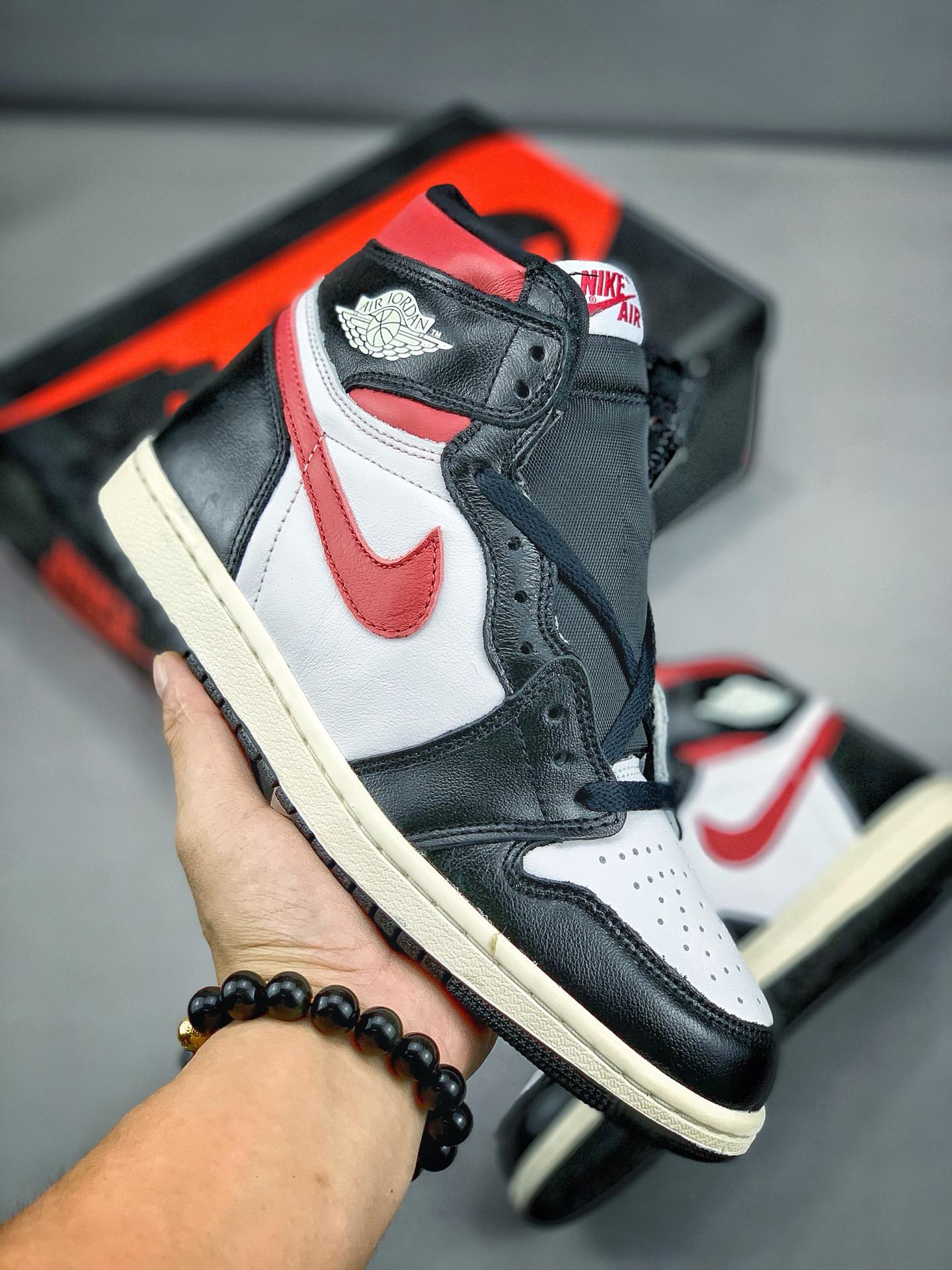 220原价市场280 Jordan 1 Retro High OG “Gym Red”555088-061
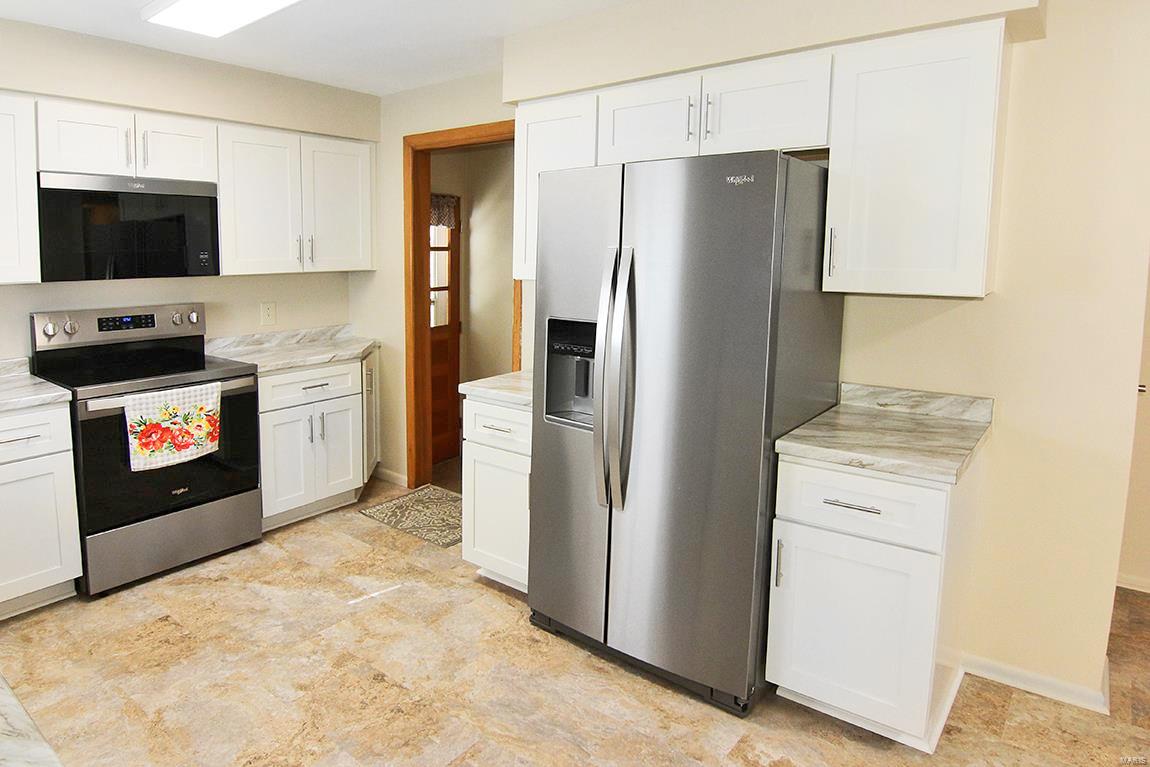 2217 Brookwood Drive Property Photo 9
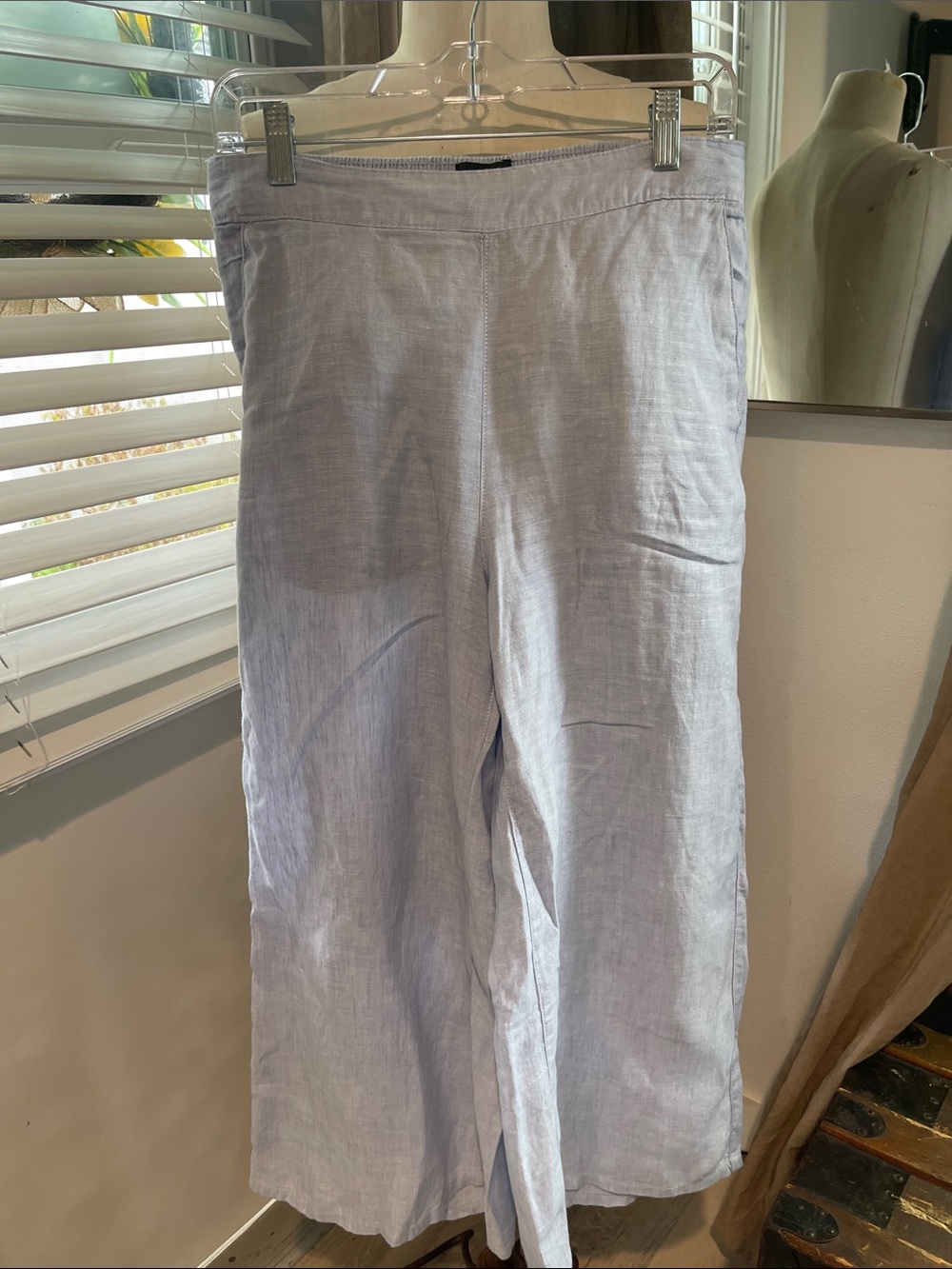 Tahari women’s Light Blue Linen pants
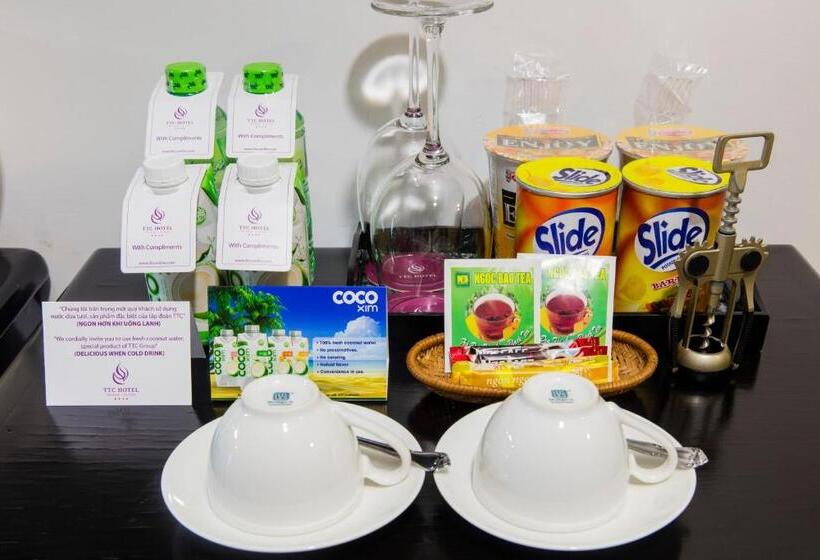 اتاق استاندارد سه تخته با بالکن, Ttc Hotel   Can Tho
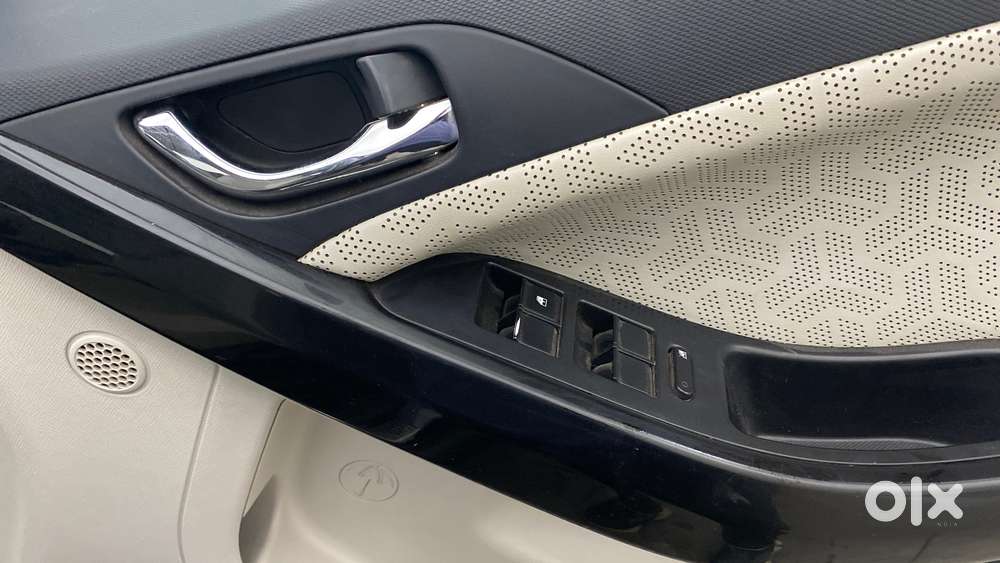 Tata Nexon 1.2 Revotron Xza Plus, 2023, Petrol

================

Work instruction: The expected output is every entry above, character for character, with no pictures.

Problem solution:
 220原价市场280 Jordan 1 Retro High OG “Gym Red”555088-061
 2217 Brookwood Drive Property Photo 9
 Tahari women’s Light Blue Linen pants
 اتاق استاندارد سه تخته با بالکن, Ttc Hotel   Can Tho
 Tata Nexon 1.2 Revotron Xza Plus, 2023, Petrol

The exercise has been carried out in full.